**PROBLEM TO SOLVE**
When you repeat the listing, keep every character as it is.

**SUPPLIED MATERIAL**

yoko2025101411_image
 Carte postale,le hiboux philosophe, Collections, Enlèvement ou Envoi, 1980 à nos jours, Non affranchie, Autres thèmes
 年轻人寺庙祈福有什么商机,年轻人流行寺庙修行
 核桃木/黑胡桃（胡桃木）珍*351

**SOLVED PROBLEM**
yoko2025101411_image
 Carte postale,le hiboux philosophe, Collections, Enlèvement ou Envoi, 1980 à nos jours, Non affranchie, Autres thèmes
 年轻人寺庙祈福有什么商机,年轻人流行寺庙修行
 核桃木/黑胡桃（胡桃木）珍*351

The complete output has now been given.